The United Kingdom is one step closer to launching hydraulic fracturing, after local planning officials recommended the approval of plans to drill and test flow shale gas at a site in the north of England, The Guardian reported.
Energy firm Cuadrilla had applied to extract shale gas at two sites: Preston New Road and Roseacre Wood. Both are located between Blackpool and Preston.
After a full evaluation of the proposals, Lancashire County Council's senior planning officer recommended approval of the application for Preston New Road but said that the plans for Roseacre Wood should be refused because of concerns about heavy traffic.
The report was satisfied with measures relating to air quality, greenhouse gas emissions, earthquakes, water use and visual aspects at the two sites.
Councillors will take the final decision on the application next week.
Hydraulic fracturing, commonly known as fracking, involves injecting water, sand and chemicals into a well at high pressure to extract oil or natural gas.
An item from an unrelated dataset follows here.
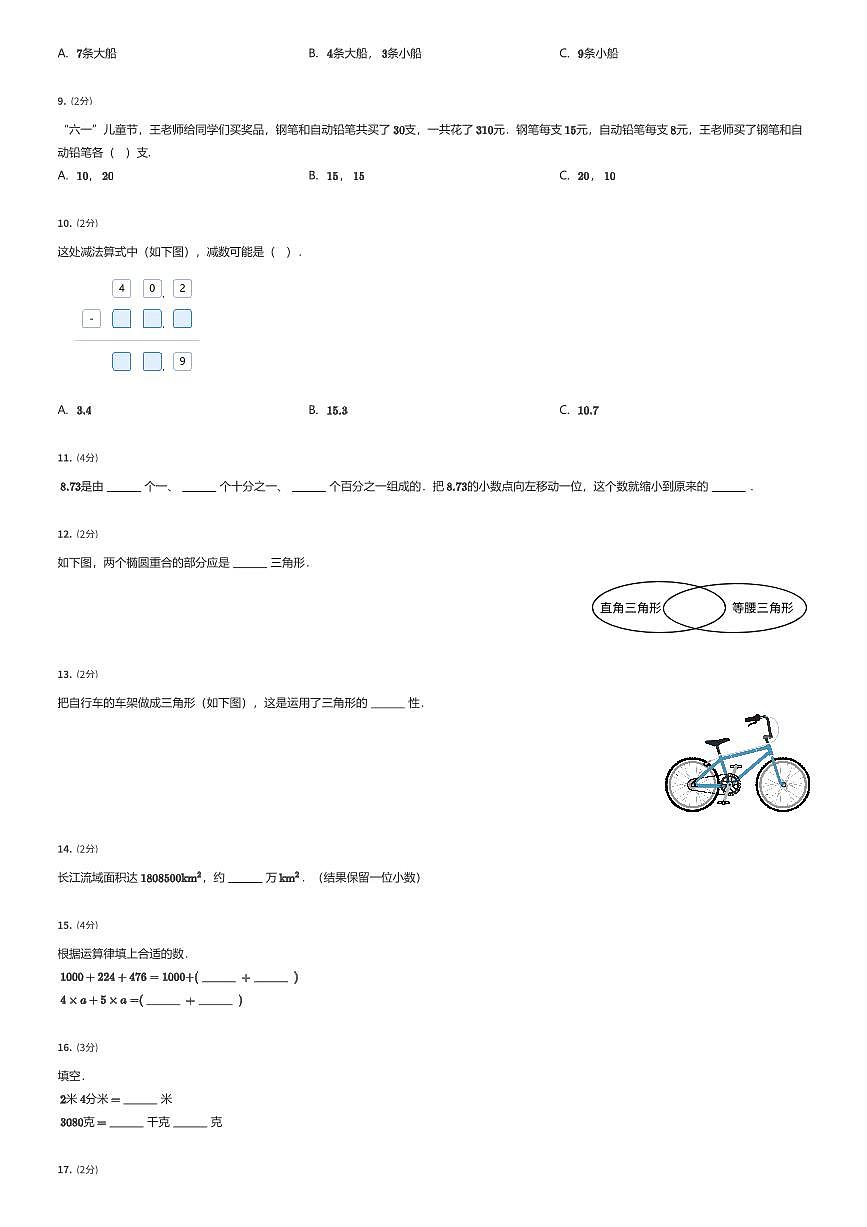 2024~2025学年广东广州南沙区四年级下学期期末数学试卷（有答案解析）第2页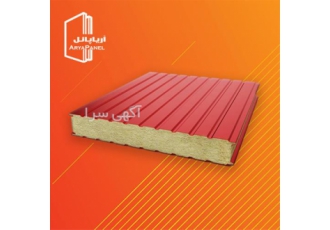 فروش ساندویچ پانل سقفی و دیواری در متراژ کم آماده تحویل آریا پانل در تهران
Concerns about the possible environmental risks posed by the controversial method — including pollution of drinking water reserves and an increase in seismic activity — have delayed its launch in many countries, including the U.K.
Small earthquakes linked to Cuadrilla's activity in 2011 led to a moratorium on fracking. After that was lifted the company submitted plans for up to four exploration wells at each of the two sites.
Restrictions on fracking may have eased in England, but in Scotland a new moratorium on fracking has been declared and Wales looks set to do the same.